The case for truth and reconciliation commission


Every time one thinks that life in Kashmir has returned to its normal course and hopes that no more innocent lives are lost, the hope gets mercilessly shattered with news of young boys dying in protests. Death is not new to Kashmir. Here seasons’ change, moods change, governments change but the only thing that remains constant is the loss of innocent life. Since the nineties, fake encounters, extra-judicial killings, internal displacements, disappearances etc have marred the struggle for a permanent solution of the conflict. Unfortunately, in focussing on the political aspects of the discourse, the concept of justice to the people, has taken a backseat.

In terms of a concrete measure, a Truth and Reconciliation Commission can be established, by the central legislature aided by International jurists, as a sincere manifestation of its commitment towards addressing the massive human rights abuses that have plagued Kashmir over decades, with an eye on restoring the dignity of individuals.

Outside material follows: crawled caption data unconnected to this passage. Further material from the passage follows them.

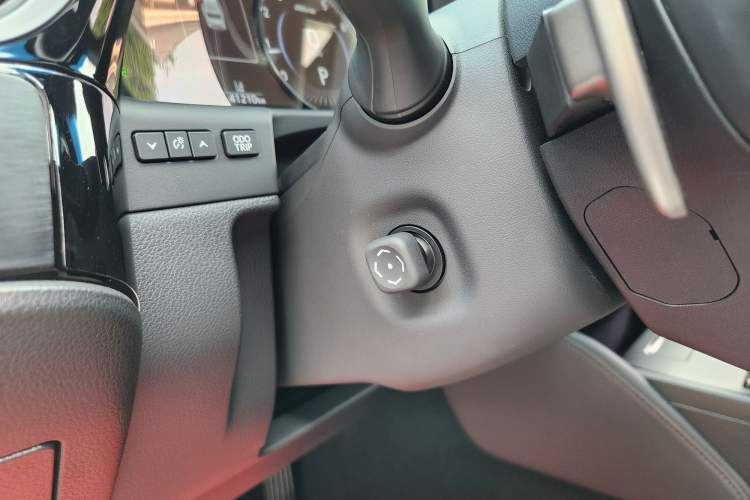 Used Lexus ES 2022 200 Excellence Edition Interior 10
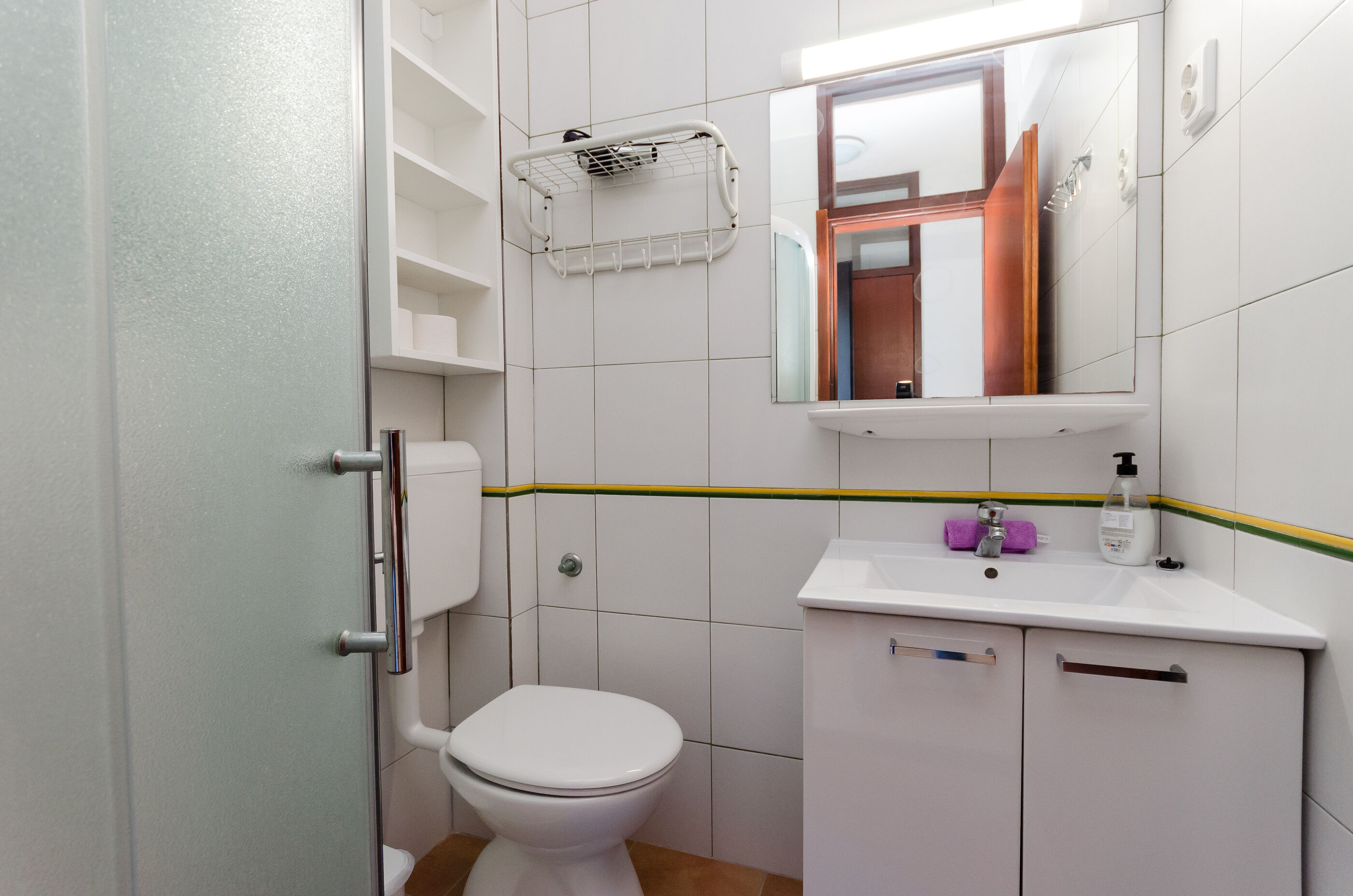 Apartments Tomo 67141-A1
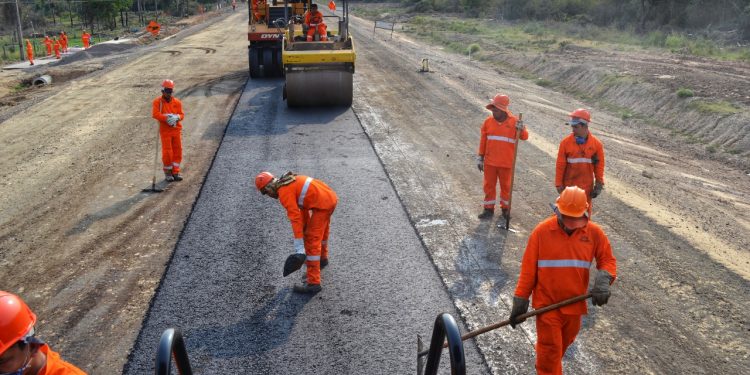 Corredor Bioceánico avanza desde 7 frentes de obra Corredor Bioceánico avanza desde 7 frentes de obra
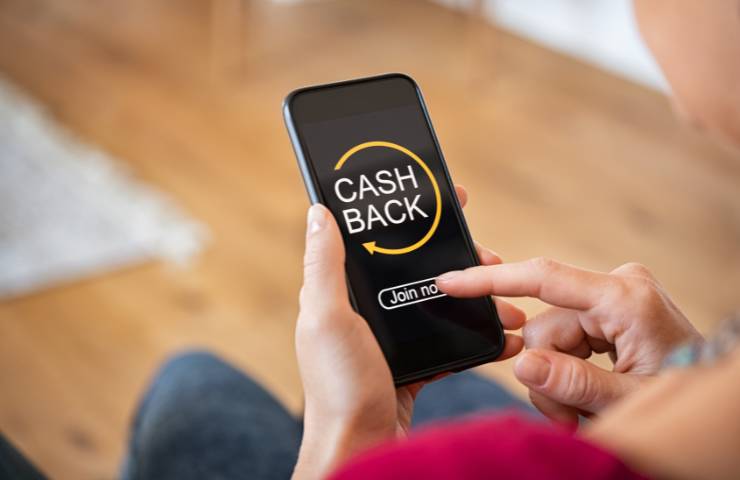 La scritta Cashback su uno smartphone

Historically TRCs are instituted by the State/regime in power, post the conflict period. This has been cited as a reason to keep its formation in abeyance, given the ongoing armed conflict and widespread civil unrest in Kashmir. However, the open ended nature of the Commission’s mandate offers a window of opportunity, if the period to be probed pertains to the past, say the troubled nineties. So a specific mandate, with an inclusive term of reference, that cover actions by state as well as armed non state actors to investigate and document the truth behind the dark period in the Valley’s past, namely, the forced disappearances, the unmarked graves, the pandit exodus and the extra judicial killings in detention camps, may open the door for justice that has long eluded Kashmir.

Further an effective reparations policy is a must, as it comprises the most tangible efforts of atonement, bearing a direct impact on the victim’s welfare. Official public apologies, a specialised health care program for survivors, pension for victims and victims’ families, rehabilitation of the internally displaced persons as well as symbolic reparation via identification of the mass graves, memorialisation of victims, publicly listing names of the disappeared and the dead, disclosure of offenders’ names and vetting in official posts to avoid recidivism are important measures in redressing past abuses and regaining the lost trust.

Equally, holding public hearings to record testimonies of victims, witnesses and perpetrators to officially acknowledge the truth must not be underscored as it has unparalleled effects on the sufferers’, survivors’, their families’ and the community’s psyche by providing due recognition of wrongs, creating an authoritative record, according responsibility and lifting the veil of impunity that offender’s enjoy by naming and shaming.

For the government, it provides the opportunity to shoulder meaningful responsibility of addressing the judicial aspect of a political problem that has been long skirted. Effectively it can extinguish long standing fires of distrust and alienation, while disengaging from the larger political scenario that requires a consensus, which is hard to achieve at present. Further, it strikes the right balance between maintaining the State’s authority and public accountability, while circumventing the question of allowing third party involvement, which has been the subject of much debate, thereby avoiding all discordant notes.  If successfully executed, it would amount to revitalising a moribund dialogue, significantly boosting the government’s credibility in the valley and would bring about a holistic closure for the masses while reiterating the state’s obligation towards fostering reconciliation with the people.